Y sí. Lo sigo creyendo y lo creo cada vez más. En la biografía de Gabriel Rufián, semejante a la de otros jóvenes independentistas, hay una línea clave: cuando él mismo afirma que descubrió la lengua y la cultura catalanas «cuando mis padres me matricularon en un instituto de Badalona». Es decir, cuando se vio inmerso en un sistema educativo que, desde hace mucho, tiene por objeto cercenar cualquier vínculo, cualquier memoria, cualquier relación afectiva o cultural con el resto de España. Un sistema perverso, posible gracias al disparatado desconcierto que la educación pública es en España, con diecisiete maneras de ser educado y/o adoctrinado, según donde uno caiga. Donde las autoridades locales se pasan por la bisectriz leyes y razones, y donde su egoísmo cateto, provinciano e insolidario, aplasta cualquier posibilidad de empresa común, de memoria colectiva y de espíritu solidario.
Y no sólo eso. Porque en el caso Rufián, y de tantos como él, se da otra circunstancia aún peor: el abandono de la gente, de los ciudadanos decentes, en manos de la gentuza política local. A cambio de gobernar de cuatro en cuatro años, los sucesivos gobiernos de la democracia han ido dando vitaminas a los canallas y dejando indefensos a los ciudadanos. Y ese desamparo, ese incumplimiento de las leyes, esa cobardía del Estado ante la ambición, primero, y la chulería, después, de los oportunistas periféricos, dejó al ciudadano atado de pies y manos, acosado por el entorno radical, imposibilitado de defenderse, pues ni siquiera las sentencias judiciales sirven para una puñetera mierda. Así que la reacción natural es lógica: mimetizarse con el paisaje, evitar que a sus hijos los señalen con el dedo. Tú más catalán, más vasco, más gallego, más valenciano, más andaluz que nadie, hijo mío. No te compliques la vida y hazte de ellos. Así, gracias al pasteleo de Aznar, la estupidez de Zapatero, la arrogancia de Rajoy, generaciones de Rufiancitos han ido creciendo, primero en el miedo al entorno y luego como parte de él. Y van a más, acicateados por la injusticia, la corrupción y la infamia que ven alrededor.

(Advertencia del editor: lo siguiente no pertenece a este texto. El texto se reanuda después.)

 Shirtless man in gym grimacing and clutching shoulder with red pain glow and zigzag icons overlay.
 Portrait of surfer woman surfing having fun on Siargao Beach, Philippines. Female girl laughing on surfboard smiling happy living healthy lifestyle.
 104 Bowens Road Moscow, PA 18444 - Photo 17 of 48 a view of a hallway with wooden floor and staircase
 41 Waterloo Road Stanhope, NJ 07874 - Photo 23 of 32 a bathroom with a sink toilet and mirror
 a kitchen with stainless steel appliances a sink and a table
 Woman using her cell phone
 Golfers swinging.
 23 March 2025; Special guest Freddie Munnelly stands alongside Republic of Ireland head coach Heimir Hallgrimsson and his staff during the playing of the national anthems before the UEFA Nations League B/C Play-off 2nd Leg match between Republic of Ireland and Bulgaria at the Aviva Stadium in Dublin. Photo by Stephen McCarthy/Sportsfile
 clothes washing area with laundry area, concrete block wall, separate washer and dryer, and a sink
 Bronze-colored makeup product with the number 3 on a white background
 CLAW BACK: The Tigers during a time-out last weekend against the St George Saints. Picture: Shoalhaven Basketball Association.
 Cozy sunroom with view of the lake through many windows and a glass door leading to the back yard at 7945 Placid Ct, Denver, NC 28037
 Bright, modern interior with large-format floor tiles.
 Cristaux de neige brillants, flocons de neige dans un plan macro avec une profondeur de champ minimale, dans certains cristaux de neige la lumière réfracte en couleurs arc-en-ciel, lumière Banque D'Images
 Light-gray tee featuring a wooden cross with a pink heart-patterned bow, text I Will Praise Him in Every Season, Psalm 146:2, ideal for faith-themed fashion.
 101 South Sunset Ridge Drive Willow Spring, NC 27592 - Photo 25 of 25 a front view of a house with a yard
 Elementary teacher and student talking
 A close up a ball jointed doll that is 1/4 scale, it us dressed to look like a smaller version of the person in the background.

No les quepa duda: en un par de generaciones, o antes, esos jóvenes votarán independencia con más entusiasmo, incluso, que los catalanes o vascos de vieja pata negra. A estas alturas del disparate nacional no queda sino negociar y salvar los muebles, como mucho. Porque yo también me iría, si fuera ellos. Por eso digo que la imbécil y cobarde España que hizo posibles a jóvenes como Gabriel Rufián, merece de sobra irse al carajo. Y ahí nos vamos, todos, oigan. Al carajo.